Calls from Human Resources are never good. Every time they say they need you to come over right now it means you’ve lost your job. I got this call last Wednesday as I was waiting to clock in. Oh, well; there went that job, propping for Hollywood Park Casino. I can’t say I was particularly nervous walking down to sign job away, (because it was still my second one), and wouldn’t leave me unemployed. In case I needed any more reinforcement that I didn’t need the job, the whole walk down there reminded me of all the things I didn’t like about that casino.

Casinos are inherently bureaucratic organizations: they produce nothing of value and simply take customers’ money. Thus, casino management is virtually always comprised of layer upon layer of bureaucratic departments whose entire purpose is maintaining the status quo. After all, as long as the lights stay on, no drugs are being dealt, and the employees remain relatively civil, why should anything change? The consequence of all bureaucracies is that strange, inconvenient rules seems to work their way into the organization and soon become just another annoying aspect of it. All casinos have these, but I think Hollywood Park’s HR department might deserve honorable mention in terms of its uselessness.

For one thing, you have to get by a security guard just to get to the department. So forget ever strolling there to fill out an application; Security would never let you get to it without an appointment. I remember multiple times telling him that I had business with HR, just for him to look at me, blithely, and ask, “You got an appointment?” Because if someone gets to talk with HR without an appointment, chaos would abound.

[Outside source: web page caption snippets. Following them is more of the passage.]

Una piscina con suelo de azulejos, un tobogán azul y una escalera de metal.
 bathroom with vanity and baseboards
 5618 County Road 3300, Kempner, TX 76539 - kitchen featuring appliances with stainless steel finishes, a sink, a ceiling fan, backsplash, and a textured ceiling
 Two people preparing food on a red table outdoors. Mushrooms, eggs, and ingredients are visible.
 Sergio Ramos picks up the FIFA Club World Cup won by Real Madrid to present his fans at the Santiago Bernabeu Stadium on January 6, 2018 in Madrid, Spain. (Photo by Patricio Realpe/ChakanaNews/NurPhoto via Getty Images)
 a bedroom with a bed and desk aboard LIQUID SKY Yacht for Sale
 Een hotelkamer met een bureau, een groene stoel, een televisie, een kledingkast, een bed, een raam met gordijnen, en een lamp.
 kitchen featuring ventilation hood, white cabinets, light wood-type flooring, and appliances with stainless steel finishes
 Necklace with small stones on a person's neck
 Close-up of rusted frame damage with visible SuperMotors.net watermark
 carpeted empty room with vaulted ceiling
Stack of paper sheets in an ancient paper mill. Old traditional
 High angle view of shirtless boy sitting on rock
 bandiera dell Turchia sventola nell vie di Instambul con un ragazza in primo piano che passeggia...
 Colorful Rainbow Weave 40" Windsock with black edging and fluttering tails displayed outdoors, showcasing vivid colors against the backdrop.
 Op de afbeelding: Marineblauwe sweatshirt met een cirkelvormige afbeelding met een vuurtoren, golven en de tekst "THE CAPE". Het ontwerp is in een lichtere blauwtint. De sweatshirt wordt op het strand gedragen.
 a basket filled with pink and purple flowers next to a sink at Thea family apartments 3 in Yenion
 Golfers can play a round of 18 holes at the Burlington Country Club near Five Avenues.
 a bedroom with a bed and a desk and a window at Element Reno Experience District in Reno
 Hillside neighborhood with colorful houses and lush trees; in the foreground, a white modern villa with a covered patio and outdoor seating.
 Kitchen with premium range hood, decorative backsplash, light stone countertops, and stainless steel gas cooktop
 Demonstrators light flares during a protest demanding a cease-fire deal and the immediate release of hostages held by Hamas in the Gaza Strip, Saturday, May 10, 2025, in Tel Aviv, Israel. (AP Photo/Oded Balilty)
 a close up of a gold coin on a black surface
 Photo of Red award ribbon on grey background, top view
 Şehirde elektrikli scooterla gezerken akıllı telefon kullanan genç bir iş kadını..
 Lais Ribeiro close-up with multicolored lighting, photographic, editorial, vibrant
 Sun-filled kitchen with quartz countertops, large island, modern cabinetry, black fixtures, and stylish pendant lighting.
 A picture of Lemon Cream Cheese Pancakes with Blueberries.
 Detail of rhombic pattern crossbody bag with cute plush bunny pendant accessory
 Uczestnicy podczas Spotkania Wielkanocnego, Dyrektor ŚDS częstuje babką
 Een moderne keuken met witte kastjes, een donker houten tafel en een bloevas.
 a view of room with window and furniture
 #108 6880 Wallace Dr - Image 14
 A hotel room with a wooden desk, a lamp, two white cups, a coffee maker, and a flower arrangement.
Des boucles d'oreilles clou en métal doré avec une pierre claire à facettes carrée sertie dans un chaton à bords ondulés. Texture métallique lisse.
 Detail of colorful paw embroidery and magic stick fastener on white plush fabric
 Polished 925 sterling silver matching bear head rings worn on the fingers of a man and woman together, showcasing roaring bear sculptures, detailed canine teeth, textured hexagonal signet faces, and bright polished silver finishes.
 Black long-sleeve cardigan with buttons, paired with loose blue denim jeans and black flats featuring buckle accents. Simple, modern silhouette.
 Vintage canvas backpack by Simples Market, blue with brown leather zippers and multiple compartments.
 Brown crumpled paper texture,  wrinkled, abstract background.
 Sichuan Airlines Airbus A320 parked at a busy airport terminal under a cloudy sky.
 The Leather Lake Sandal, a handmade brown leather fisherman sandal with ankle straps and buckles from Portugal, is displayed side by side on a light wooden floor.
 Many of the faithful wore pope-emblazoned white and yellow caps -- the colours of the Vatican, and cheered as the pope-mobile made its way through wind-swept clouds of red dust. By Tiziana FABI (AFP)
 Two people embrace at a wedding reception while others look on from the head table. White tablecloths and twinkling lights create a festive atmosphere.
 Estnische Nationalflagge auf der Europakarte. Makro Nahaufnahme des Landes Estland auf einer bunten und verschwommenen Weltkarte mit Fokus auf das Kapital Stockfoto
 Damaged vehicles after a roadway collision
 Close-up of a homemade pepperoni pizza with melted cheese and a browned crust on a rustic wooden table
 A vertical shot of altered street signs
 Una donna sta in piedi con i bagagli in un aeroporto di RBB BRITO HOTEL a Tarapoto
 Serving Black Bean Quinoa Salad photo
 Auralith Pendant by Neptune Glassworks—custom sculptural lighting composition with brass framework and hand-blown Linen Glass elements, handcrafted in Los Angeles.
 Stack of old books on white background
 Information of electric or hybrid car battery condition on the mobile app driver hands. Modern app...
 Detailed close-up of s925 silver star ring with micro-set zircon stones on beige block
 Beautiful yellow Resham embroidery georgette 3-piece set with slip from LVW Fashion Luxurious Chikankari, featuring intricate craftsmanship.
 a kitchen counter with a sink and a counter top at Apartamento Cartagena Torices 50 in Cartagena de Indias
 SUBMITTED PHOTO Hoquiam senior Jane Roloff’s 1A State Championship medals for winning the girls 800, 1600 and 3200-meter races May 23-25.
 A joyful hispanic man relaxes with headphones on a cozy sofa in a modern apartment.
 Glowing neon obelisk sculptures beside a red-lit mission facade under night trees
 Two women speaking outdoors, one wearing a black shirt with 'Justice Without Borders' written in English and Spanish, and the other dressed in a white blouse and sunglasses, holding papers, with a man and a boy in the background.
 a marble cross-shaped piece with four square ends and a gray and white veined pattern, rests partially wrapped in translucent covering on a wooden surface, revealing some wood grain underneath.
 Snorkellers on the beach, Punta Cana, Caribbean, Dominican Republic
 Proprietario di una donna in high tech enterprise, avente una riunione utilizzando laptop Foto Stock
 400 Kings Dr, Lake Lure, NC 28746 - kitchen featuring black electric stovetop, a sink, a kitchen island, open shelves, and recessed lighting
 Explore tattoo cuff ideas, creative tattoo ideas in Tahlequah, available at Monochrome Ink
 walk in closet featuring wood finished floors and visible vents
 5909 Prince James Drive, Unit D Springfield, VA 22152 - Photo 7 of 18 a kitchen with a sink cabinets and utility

Which is another annoying facet of Hollywood Park. Security. You must have your government-issued badge displayed while in employee-only areas at all times. That’s fine for all other employees because, their badge is part of the uniform. House players on the other hand, typically carry it in their wallet. So, every time you go into the area, you have to have it out.

I once made the mistake of putting it away after showing it to the guard at the entrance only to get stopped by yet another one coming down the stairs. Of course, he stopped me and asked to see. And “Jesus,” muttered I, softly, while, again, I dug out my wallet.

And “excuse me,” he challenged.

“I said ‘Jesus’,” I said, unapologetically, while showing him my badge. He’s not a cop, and I’m not begin detained by law enforcement. I also probably make three times what this asshole does an hour. Quit the power trip. I already had to show a badge just to gain access to this hallway; do you really think I snuck in ‘Mission: Impossible’-style, only to be outdone by Deputy Dog? Besides, at some point, shouldn’t Security come to actually know who’s employed there and who isn’t?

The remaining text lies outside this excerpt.